Examples in the Word. Even a cursory reading of the New Testament will bear plenty of examples of how choosing to lose brings about big victories. Certainly, the best example comes from Christ Himself, who provided our greatest victory of all when He chose to lose His life to pay for our sins. He tells His followers to be willing to do the same for our own victories.5 However, Jesus had the advantage of being God and knowing the outcome of His choice to lose. This doesn’t cheapen His sacrifice or suffering at all. I just don’t want to leave any of us a possible out on this concept.
So, let’s use another beautiful example of His followers applying this principle through faith. It comes to us in the account of the Philippian jailer.6 Paul and Silas were stripped, beaten, and bleeding in his prison. The jailer himself had placed their feet in stocks and locked them in the inner prison, where conditions would have been worst. They had no trial and had done no wrong. In fact, they had cast a demon out of a girl. They passed their time praying and singing hymns. As the other prisoners listened, the jailer slept. Then, at midnight, God used a great earthquake to shake the foundations of the prison, open the doors of the cells, and break the chains that held the prisoners.

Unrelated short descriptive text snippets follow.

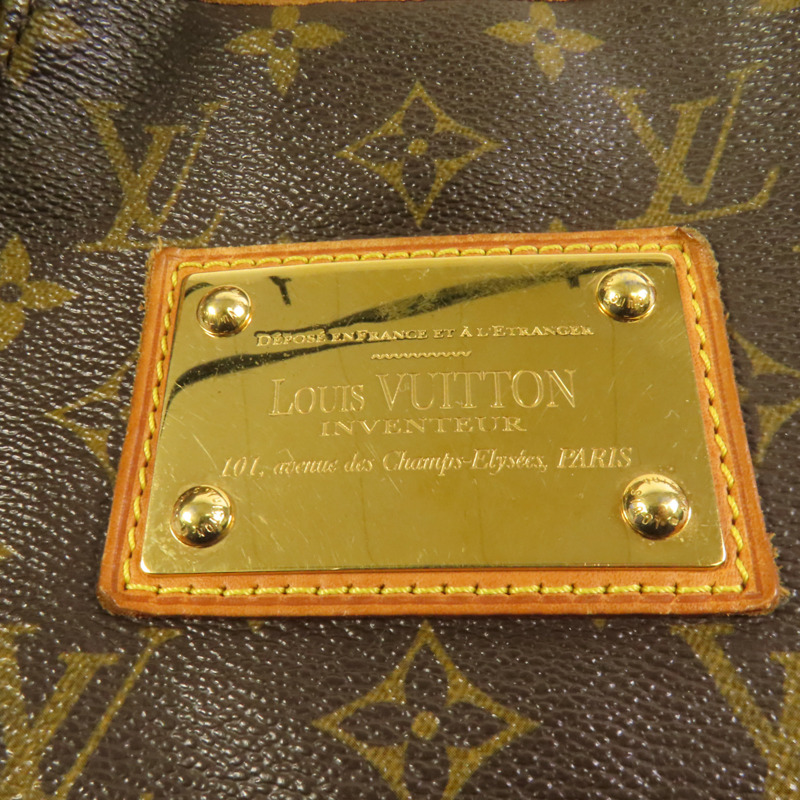 LOUIS VUITTON Monogram Galliera GM金扣手袋-6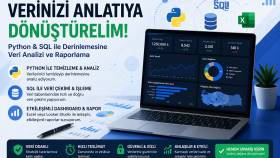 verilerinizi Python ve SQL ile analiz edip görselleştiririm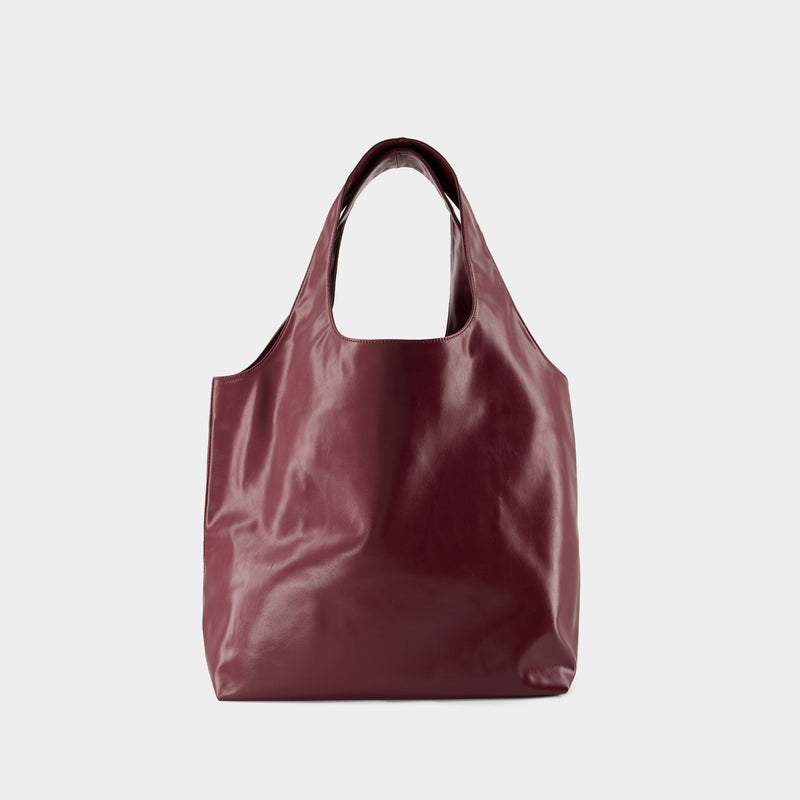 Ninon Shopper Bag - A.P.C. - Synthetic - Burgundy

At this point, we would probably have cheered to read “and that is how God delivered Paul and Silas from their unjust imprisonment.” That is probably the ending we would want God to write if we were imprisoned unjustly today. However, that is not how this account ends. Instead, the jailer wakes, sees the doors are flung open, assumes everyone ran (wouldn’t you?), so he prepares to kill himself.7 But as he prepared to do so, Paul and Silas called from the inner room and said, “Do yourself no harm, for we are all here.” Here is that moment of uncommon good. Freedom was theirs for the taking, and not one of us would blame them for taking it. They not only stayed but also got the other prisoners to stay out of concern for the jailer’s life.
This radical love, demonstrated by loss, is what made the jailer tremble. He slept through the prayers and hymns. But when Paul and Silas were uncommonly good to the man who had placed them in stocks, he trembled, fell down before them, and asked, “Sirs, what must I do to be saved?”
As always, God’s way was better. Paul and Silas chose the uncommon good and saved the jailer twice that night. They may have looked worse for the wear, but they had won a victory that would not have been possible without their loss.
The Choice Is Ours. One thing we do not sacrifice when we accept Christ as our savior is our free will. We still need to make our choices to lose when challenged in matters that involve our faith. It is more likely that this will involve humiliation than wrongful imprisonment or a few thousand volts of electricity, but that doesn’t make it easier. No matter what the stakes are, we need prayerfully to seek the humility, courage, and the true love it takes to lose, so that we might win others to Christ. —Ryan Steinbach
Ryan Steinbach is involved in teen and marriage ministries at Manassas Baptist Church in Manassas, Virginia.
- Romans 13:4.
- Robertson McQuilkin and Paul Copan, An Introduction to Biblical Ethics: Walking in the Way of Wisdom, 3rd ed. (Downers Grove, IL: IVP Academic, 2014), 350.
- Craig S. Keener, The IVP Bible Background Commentary: New Testament (Downers Grove, IL: InterVarsity Press, 1993), 60; McQuilkin and Copan, An Introduction to Biblical Ethics, 352–53.
- Of course, the Star Wars movies are not a representation of a Christian worldview. See Christian Research Journal 38, 5 (2015).
- Matthew 10:39; Mark 8:35; Luke 9:24; John 12:25.
- Acts 16:16–34.
- A Roman soldier who let a prisoner escape paid for his negligence with his own life (Acts 12:19; 27:42).